The Fact Sheet # 79D from the U.S. Department of Labor gives more details about what counts as "hours worked" for domestic services under the FLSA.

The general rule is that all time during the shift counts, whether the employee is busy or not:

Generally, when an employee is “on duty” (that is they must be in the home and prepared to provide services when required), they are working.

The only exception is that time spent sleeping may be deducted under certain circumstances:

In some circumstances, an employer may exclude up to eight hours an employee spends sleeping at the worksite from the time for which an employee must be paid.

The rules are different, depending on whether the employee permanently resides at the place of work ("Live-in employee), has shifts of >=24 hours or shifts of <24 hours.
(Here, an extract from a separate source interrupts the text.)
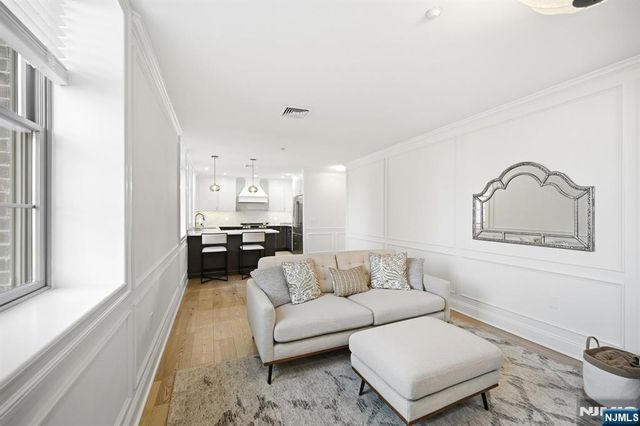 2301 Rio Vista Drive, Mahwah, NJ 07430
In your case the shift is >=24 hours, so the rule is (see page three of the document): Up to eight hours of sleep time may be excluded from hours worked, provided that:

  • sleeping facilities are available
  • the employee can usually sleep at least five hours without disturbance
  • the employee agrees to exclude sleep time

Even then, interruptions of sleep for work must be paid, and if the employee get <5 hours sleep during a given shift, no exclusion is possible.


So in summary:

  • For calculating hourly wage and overtime pay, the employer must count at least 16 hours for each 24 hour shift, and more if the employee cannot sleep for eight hours during the shift.

  • It probably does not matter that the employer calls it "12 hours worked", but your mother is entitled to at least "minium wage x 16" for each shift worked, and is entitled to overtime pay (at least 1.5 times minimum wage) if she works more than two shifts per week.

  • If the shift is ever reduced to less than 24 hours, even sleep time may not be excluded.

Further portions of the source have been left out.